I went onto Facebook to announce to my friends that I was finally, legally, Jay. And a friend request popped up. It was Noah.

Do you want to change your name in Kalamazoo County?

Before you begin: You must have lived in the county in which you are filing for at least 1 year prior to being able to schedule a hearing.

Step 1: You’ll have to file a Petition to Change Name with the Circuit Court Family Division located at 1536 Gull Road, Kalamazoo. You can also call them, 269-385-6041 to ask any questions. You’ll need your driver’s license or id and the filing fee which costs $150 and must be paid at the time you file.

Step 2: The clerk will walk you through the next steps. You will need to mail in an announcement of name change to a newspaper (Climax is the cheapest) The clerk will provide you with that form, you will need to mail it in with money order for $50. This has to be printed before your court date—so you’ll want to do it as soon as possible.
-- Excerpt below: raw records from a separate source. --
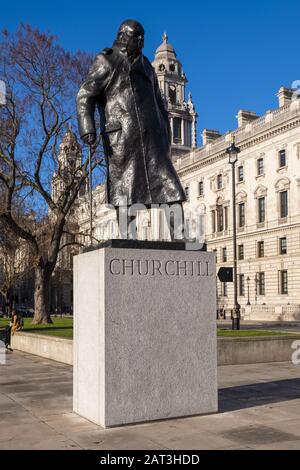 London, England/Großbritannien - 2019/01/28: Sir Winston Churchill-Statue von Ivor Roberts-Jones am Parliament Square in der City of Westminster Quarter in Central London Stockfoto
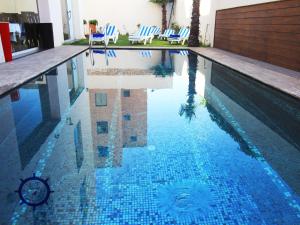 Bazén v ubytování Hotel Cote ocean Mogador nebo v jeho okolí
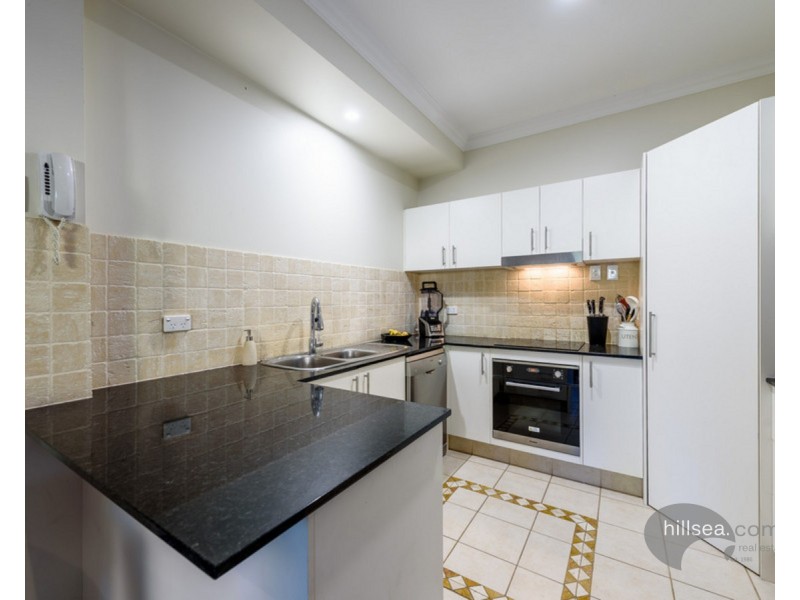 6/395 Pine Ridge Road, Runaway Bay QLD 4216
Step 3: You’ll also need to get finger prints from the local police department. Bring a copy of the Petition to Change Name and send the finger prints and the petition and the fee (I think it’s $50) to:

Michigan State Police

Criminal Justice Information Center – Criminal History

P.O. Box 30266

Lansing, Michigan 48909

Step 4: Once the court receives the criminal history report from the Michigan State Police they will schedule your hearing. (You will need to call (about 6-8 weeks after you mail your finger prints) the court to find out if they report has been received and to inquire about a hearing date. I had to call a couple times.)